Enfin, exclure les fonctionnaires européens, comme semble le suggérer le Conseil, d'un avantage fiscal dans un impôt qu'ils paient également sur l'achat de leur habitation exposerait indéniablement la législation fiscale bruxelloise à des poursuites judiciaires avec peu de chances de succès.

Depuis ces avis de Brupartners et du Conseil de l’Environnement, l’IBSA a présenté aux partenaires sociaux un projet de rapport sur
l’évaluation de l’impact de la réforme de l’abattement des droits d’enregistrement sur le public-cible.

Soulignons que ce rapport n’est pas encore finalisé ni validé par le gouvernement, mais on peut déjà mentionner certains constats :
- chaque année, plus de 7.000 ménages, soit un peu plus de la moitié des acquéreurs d'une habitation en Région de Bruxelles-Capitale, bénéficient de l'abattement;
- la plupart des bénéficiaires vivaient déjà à Bruxelles;
- la majorité des personnes bénéficiant de l'abattement ont moins de 36 ans;
- une personne sur deux qui achète une habitation à Bruxelles le fait pour la première fois de sa vie;
- les acheteurs à Bruxelles sont plus souvent célibataires et en moyenne plus jeunes que dans le reste du pays;
- la proportion d'étrangers achetant une habitation à Bruxelles est plus élevée que dans le reste de la Belgique;
- les acquéreurs bénéficiant d'un abattement ont un revenu moyen inférieur à celui des acheteurs sans abattement.

En résumé, la réforme fiscale de 2017 et l’augmentation de l’abattement a bien contribué à permettre à la jeune classe moyenne d‘acheter et de rester à Bruxelles.


L’abattement remplit donc bien son objectif, mais il n’est nullement le seul instrument pouvant inciter un propriétaire ou un locataire à rénover son bien. Je renvoie à d’autres initiatives du Gouvernement telles que Rénolution et Ecoreno.

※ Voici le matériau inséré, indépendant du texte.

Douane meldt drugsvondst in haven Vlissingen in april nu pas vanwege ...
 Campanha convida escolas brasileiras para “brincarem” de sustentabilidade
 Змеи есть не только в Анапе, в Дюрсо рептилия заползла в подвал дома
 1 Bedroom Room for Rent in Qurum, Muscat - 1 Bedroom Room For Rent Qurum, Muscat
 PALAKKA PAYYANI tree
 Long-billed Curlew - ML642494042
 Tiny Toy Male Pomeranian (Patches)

Depuis le 1er janvier de cette année, les primes Énergie, rénovation et embellissement de façade ont en effet été réformées et fusionnées en un seul système : les primes Rénolution.

Au total, pas moins de 45 primes sont disponibles pour les travaux de rénovation et d'économie d'énergie. Il existe des aides Rénolution pour tous types de bâtiments : maisons unifamiliales, bureaux, commerces, écoles, industries... et pour des profils de demandeurs variés : propriétaires, bailleurs, locataires, gestionnaires d'immeubles... Les deux principales conditions d'octroi restent inchangées : ces aides ne sont disponibles que pour les travaux réalisés par des professionnels et elles ne s'appliquent qu'aux immeubles de plus de 10 ans.

Et depuis le 1
er août, le crédit Ecoreno couvre, lui, le financement de tous types de travaux, de la rénovation traditionnelle à la sécurisation, en passant par l'isolation et l'amélioration des performances énergétiques. En fonction de leurs revenus, le taux d'intérêt pour les propriétaires occupants et les locataires sera de 0 à 1 %. A partir de janvier 2023, les propriétaires-bailleurs pourront également y recourir, en payant un intérêt de 1 à 2%.

En conclusion : la révision de l’abattement a comme principal objectif - comme le prévoit l’accord de majorité - de l’adapter aux prix de l’immobilier, car lorsque les prix augmentent, la ponction fiscale sur les acquéreurs augmentent de manière mécanique.

En augmentant l’abattement on vise donc à préserver dans la mesure du possible le pouvoir d’achat des candidats-acquéreurs afin qu’ils puissent accéder à un prêt hypothécaire et devenir ainsi propriétaire. Et l’abattement-rénovation complémentaire vise à récompenser ces mêmes acquéreurs qui sont prêts à investir dans une rénovation énergétique importante.


Après les avis évoqués ci-dessus, le texte a également été transmis au Conseil d’Etat pour avis. Ce dernier a émis son avis fin août.

La remarque la plus importante concerne l'abattement pour l'achat d'un terrain à bâtir.

Le Conseil d'État soulève une différence de traitement car le montant de cet abattement spécifique ne serait pas augmenté, alors que les prix des terrains à bâtir ont eux aussi sensiblement augmenté depuis 2017.

Le texte amendé aux remarques du Conseil d’Etat, y compris l’augmentation de l’abattement pour l’achat d’un terrain à bâtir, a été approuvé en troisième et dernière lecture par le Gouvernement le 15 septembre dernier et transmis le 19 septembre au Parlement pour être discuté et voté.